Congratulations on deciding to become a data scientist! Before we dig into the details of the tools and techniques that you'll need to learn, it's important to take a little time to understand what you'll be able to do once you graduate. Here is a list of some of the common types of business problems data scientists are expected to solve.

1. Regression: How much or how many?

Regression analysis is used to predict a continuous value - such as the number of staff you'll need for a busy shift or the likely sale price of a house.

Example: Sales or Market Forecasts

Traditional trend analysis only looks at how one business entity changes with respect to another. Regression analyses can provide insight into how an outcome will change when several other variables are modified.

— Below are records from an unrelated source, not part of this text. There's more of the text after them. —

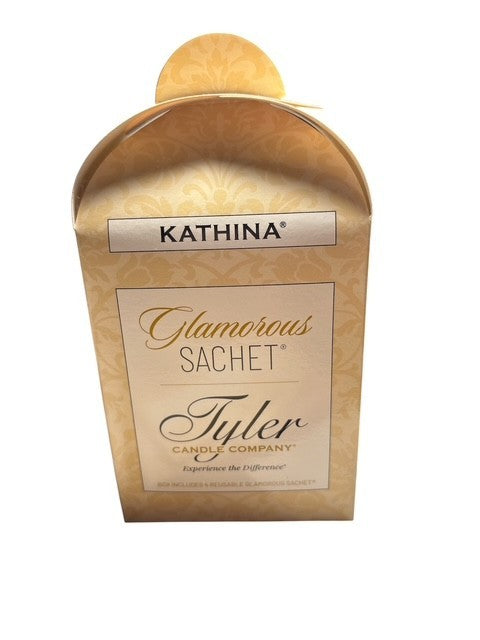 Scented Dryer Sachets - Kathina Fragrance, Pack of 4, Fabric Freshener
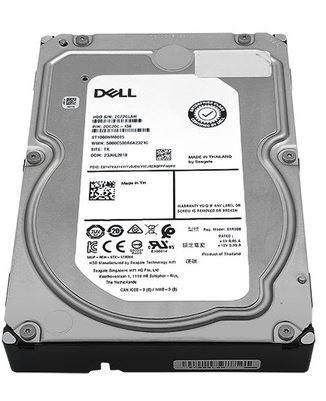 HDD int. 3.5 1TB Dell 7,2K RPM SATA 6Gbps 512n cietais disks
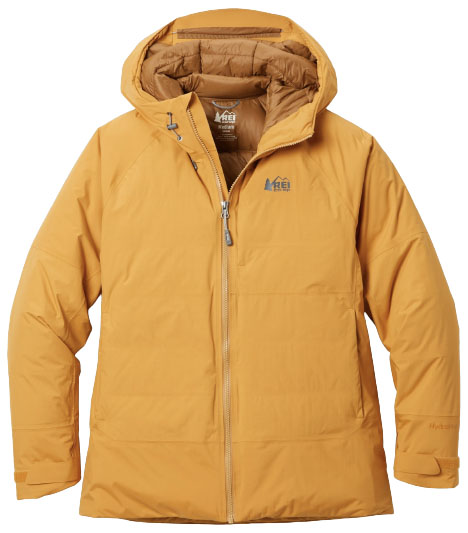 REI Co-op Stormhenge Down Hybrid (women's down jacket)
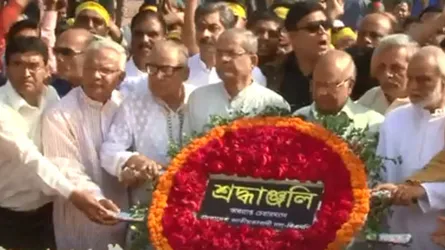 স্মৃতিসৌধ ও জিয়ার মাজারে বিএনপির শ্রদ্ধা নিবেদন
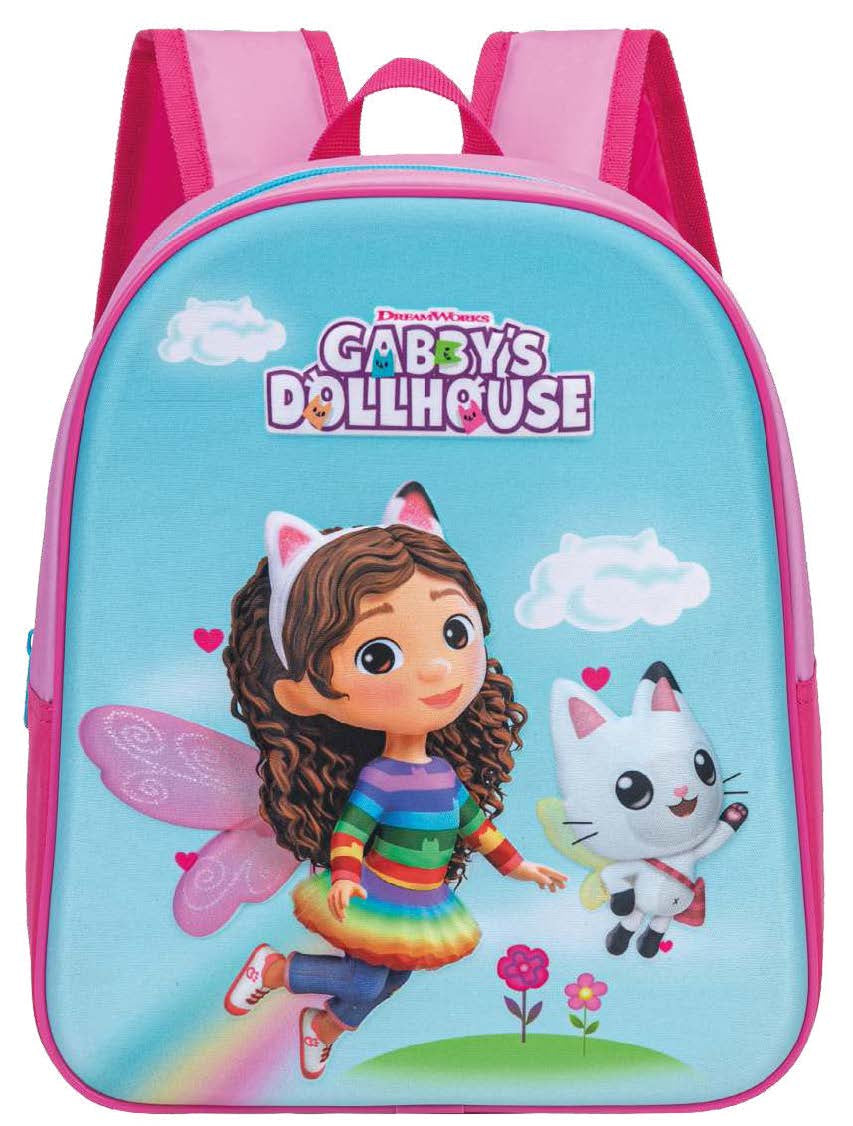 Kstationery Small Backpack 3D Gabby Fairy 9.2 L Size 31X26X11.5 Cm, 5600390682289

2. Classification: Which category?

Classification is used to predict which category something will fall into. If you're trying to figure out whether a client is likely to default on a loan (i.e., default or no default) or which of your products a customer is likely to prefer, you're dealing with a classification problem.

Example: Credit Rating

Credit card companies receive hundreds of thousands of applications for new credit cards every week. These applications contain detailed information on social, economic, and personal attributes of applicants. Classification analysis can allow companies to categorize these applications based on the quality of their credit.

3. Anomaly detection: Is this weird?

Anomaly detection is a common data science technique used to find unusual patterns that do not conform to expected behavior. It has applications across various industries from intrusion detection (identifying strange patterns in network traffic that could signal a hack) to fraud detection in credit card transactions to fault detection in operating environments.

Example: Identifying Fraud

img

This approach focuses on finding outliers in the data that appear to have unusual patterns. This serves as a first indication of the presence of fraudulent activity. Such approaches are also frequently applied by large social networks like Facebook, Twitter, etc.

4. Recommender systems: Which item would a user prefer?

Recommender systems are one of the most popular applications of data science today. They are used to predict user preferences towards a product/service. Almost every major tech company (Amazon, Netflix, Google, Facebook) has applied them in some form or the other. You might have noticed phrases like "If you like this product, you may also like ...", "Users who bought this item also bought ...", and "Based on your preferences, we recommend following products to you ...". You got it, these are all recommender systems in action.

Recommender systems can help a business retain customers by providing them with tailored suggestions specific to their needs. They can help increase sales and create brand loyalty through relevant personalization. When a customer feels as though they are understood by your brand, they are more likely to stay loyal and continue purchasing through your site. According to a recent study by McKinsey, up to 75% of what consumers watch on Netflix comes from the company’s recommender system. Retail giant Amazon credits recommender systems with 35% of their revenue. Best Buy decided to focus on their online sales, and in 2016’s second quarter they reported a 23.7% increase, thanks in part to their recommender system.

Summary

While you're going to learn to use a wide range of tools and techniques throughout this course, most of them will be used to predict a continuous value, to decide the most likely category for a value, to identify anomalies or to provide recommendations.